Pertentangan, penganiayaan, dan kekerasan mengusik nabi zaman akhir kita yang pertama, Joseph Smith, beserta para pengikutnya.
Di tengah kekisruhan pada 1842, Joseph menerbitkan 13 prinsip dasar gereja yang sedang berkembang, termasuk yang berikut, “Kami menuntut hak istimewa untuk menyembah Allah Yang Mahakuasa menurut suara hati nurani kami sendiri, dan memperkenankan semua orang hak istimewa yang sama, biarlah mereka menyembah bagaimana, di mana, atau apa yang mereka kehendaki.”4
Pernyataannya inklusif, membebaskan, dan penuh respek. Itulah esensi dari kebebasan beragama.
Nabi Joseph Smith juga menyatakan:
“Saya berani memaklumkan di depan Surga bahwa saya sama siapnya untuk mati dalam membela hak-hak seorang Presbiterian, seorang Baptis, atau seseorang yang baik dari lembaga keagamaan mana pun; karena asas yang sama yang akan menginjak-injak hak para Orang Suci … akan menginjak-injak hak-hak orang Katolik Roma, atau dari lembaga keagamaan mana pun yang mungkin tidak populer atau terlalu lemah untuk membela dirinya sendiri.
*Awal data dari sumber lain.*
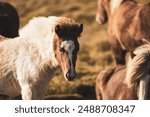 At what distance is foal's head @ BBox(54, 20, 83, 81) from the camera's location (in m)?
6.59

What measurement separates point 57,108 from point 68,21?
1.27 metres

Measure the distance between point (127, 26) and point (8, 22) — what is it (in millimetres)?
2321

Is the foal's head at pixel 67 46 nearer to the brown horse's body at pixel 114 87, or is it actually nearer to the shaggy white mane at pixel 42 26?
the shaggy white mane at pixel 42 26

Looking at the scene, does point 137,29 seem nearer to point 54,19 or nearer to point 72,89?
point 72,89

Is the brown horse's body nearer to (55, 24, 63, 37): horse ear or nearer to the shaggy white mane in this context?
the shaggy white mane

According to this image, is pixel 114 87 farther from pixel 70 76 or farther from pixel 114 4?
pixel 114 4

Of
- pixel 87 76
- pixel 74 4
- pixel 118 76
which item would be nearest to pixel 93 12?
pixel 74 4

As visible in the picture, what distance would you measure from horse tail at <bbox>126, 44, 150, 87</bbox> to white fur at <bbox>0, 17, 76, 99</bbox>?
3.70 ft

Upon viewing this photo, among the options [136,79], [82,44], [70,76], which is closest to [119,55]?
[136,79]

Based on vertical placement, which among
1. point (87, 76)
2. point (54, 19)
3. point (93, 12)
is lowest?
point (93, 12)

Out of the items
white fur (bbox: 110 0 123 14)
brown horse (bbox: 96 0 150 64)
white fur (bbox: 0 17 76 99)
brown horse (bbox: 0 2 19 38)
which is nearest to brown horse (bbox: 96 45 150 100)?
white fur (bbox: 0 17 76 99)

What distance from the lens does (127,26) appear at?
11.2m

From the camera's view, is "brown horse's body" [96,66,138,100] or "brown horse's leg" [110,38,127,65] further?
"brown horse's leg" [110,38,127,65]

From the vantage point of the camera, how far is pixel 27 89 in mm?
7031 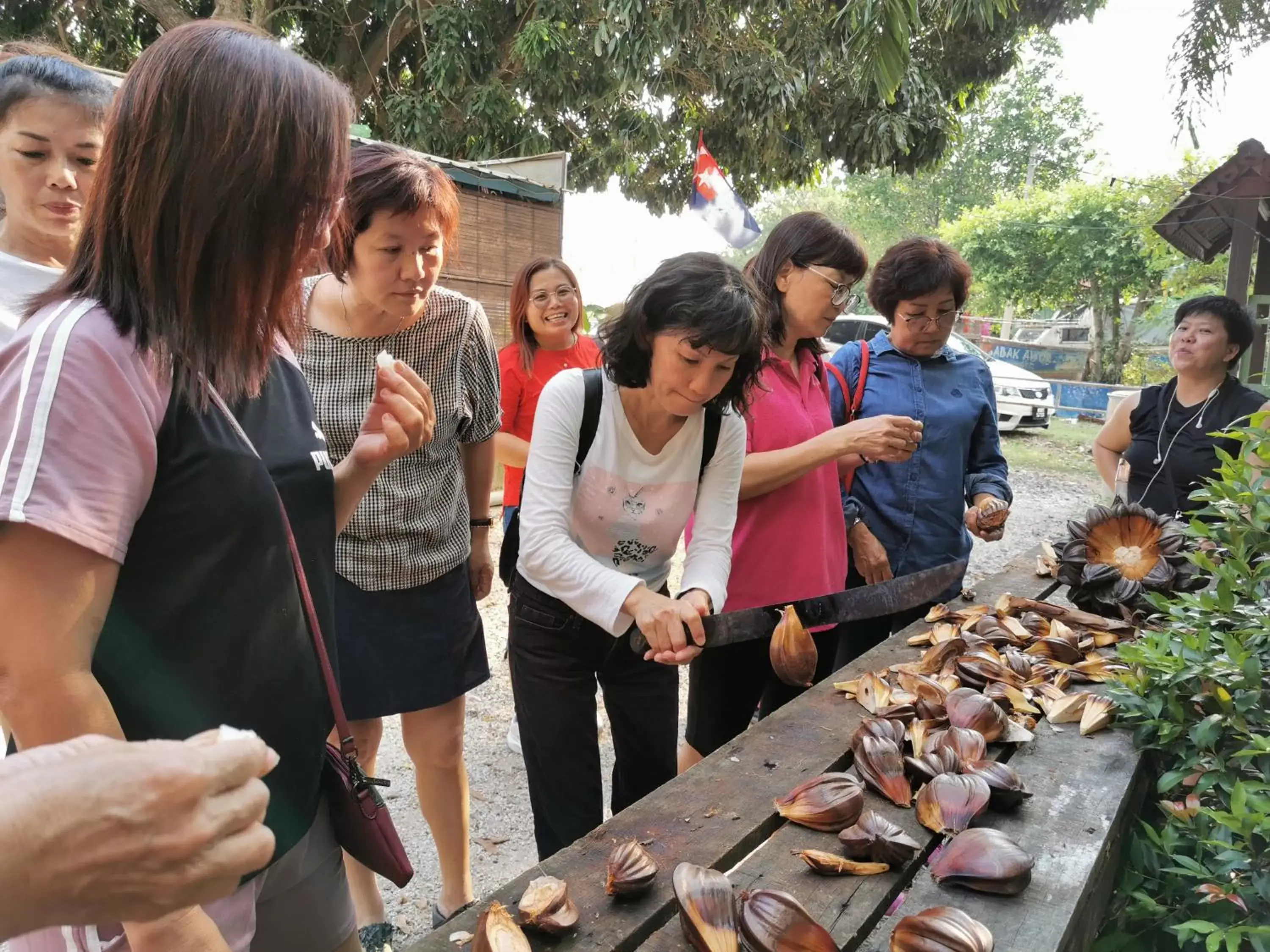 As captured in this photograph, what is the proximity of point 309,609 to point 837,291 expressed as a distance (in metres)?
1.59

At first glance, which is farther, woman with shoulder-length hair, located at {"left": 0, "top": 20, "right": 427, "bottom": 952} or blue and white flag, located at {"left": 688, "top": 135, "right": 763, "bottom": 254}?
blue and white flag, located at {"left": 688, "top": 135, "right": 763, "bottom": 254}

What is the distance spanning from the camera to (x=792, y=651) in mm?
1789

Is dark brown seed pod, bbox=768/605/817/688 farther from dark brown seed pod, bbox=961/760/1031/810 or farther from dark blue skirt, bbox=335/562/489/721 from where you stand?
dark blue skirt, bbox=335/562/489/721

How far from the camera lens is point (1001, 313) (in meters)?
28.0

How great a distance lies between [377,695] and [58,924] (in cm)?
144

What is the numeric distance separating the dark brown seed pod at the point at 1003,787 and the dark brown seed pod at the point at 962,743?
0.18ft

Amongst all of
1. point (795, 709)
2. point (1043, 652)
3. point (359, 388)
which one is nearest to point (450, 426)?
point (359, 388)

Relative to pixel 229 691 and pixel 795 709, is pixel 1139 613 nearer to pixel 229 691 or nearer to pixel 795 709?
pixel 795 709

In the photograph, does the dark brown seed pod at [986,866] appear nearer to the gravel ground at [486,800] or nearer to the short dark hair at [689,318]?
the short dark hair at [689,318]

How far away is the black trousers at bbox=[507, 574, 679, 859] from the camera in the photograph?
175 cm

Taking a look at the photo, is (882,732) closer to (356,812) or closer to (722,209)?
(356,812)

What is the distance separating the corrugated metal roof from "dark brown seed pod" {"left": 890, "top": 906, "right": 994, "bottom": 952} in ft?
19.5

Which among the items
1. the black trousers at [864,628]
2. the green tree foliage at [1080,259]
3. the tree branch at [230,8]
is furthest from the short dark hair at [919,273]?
the green tree foliage at [1080,259]

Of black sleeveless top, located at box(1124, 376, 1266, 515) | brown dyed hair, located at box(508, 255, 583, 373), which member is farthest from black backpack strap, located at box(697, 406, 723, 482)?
black sleeveless top, located at box(1124, 376, 1266, 515)
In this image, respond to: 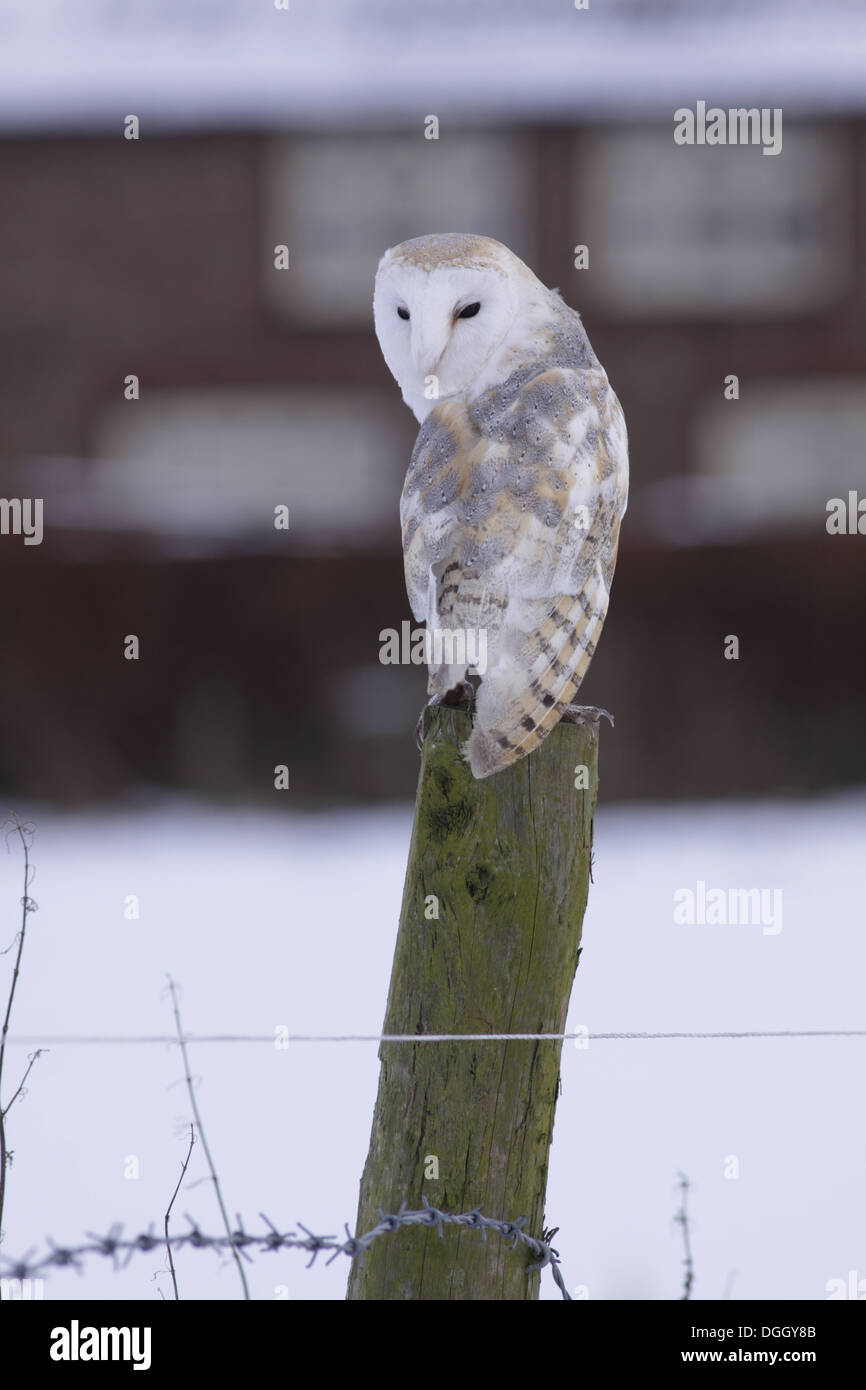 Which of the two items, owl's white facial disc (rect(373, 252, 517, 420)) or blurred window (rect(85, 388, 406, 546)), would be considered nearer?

Kasih bagi kebebasanlah [yang] mengilhami jiwa saya—kebebasan sipil dan keagamaan bagi seluruh umat manusia.”5
Tetap saja, anggota Gereja di masa awal diserang dan diusir ribuan mil, dari New York ke Ohio ke Missouri, di mana gubernur mengeluarkan perintah bahwa anggota Gereja “harus diperlakukan sebagai musuh dan harus dilenyapkan atau diusir dari negara bagian.”6 Mereka melarikan diri ke Illinois, namun siksaan berlanjut. Gerombolan perusuh membunuh Nabi Joseph, berpikir bahwa membunuhnya akan menghancurkan Gereja dan mencerai-beraikan orang-orang percaya. Tetapi yang setia bertahan teguh. Penerus Joseph, Brigham Young, memimpin ribuan orang dalam eksodus yang dipaksakan, 1.300 mil (2.100 km) ke arah barat menuju yang sekarang adalah negara bagian Utah.7 Leluhur saya berada di antara para pemukim pionir awal itu.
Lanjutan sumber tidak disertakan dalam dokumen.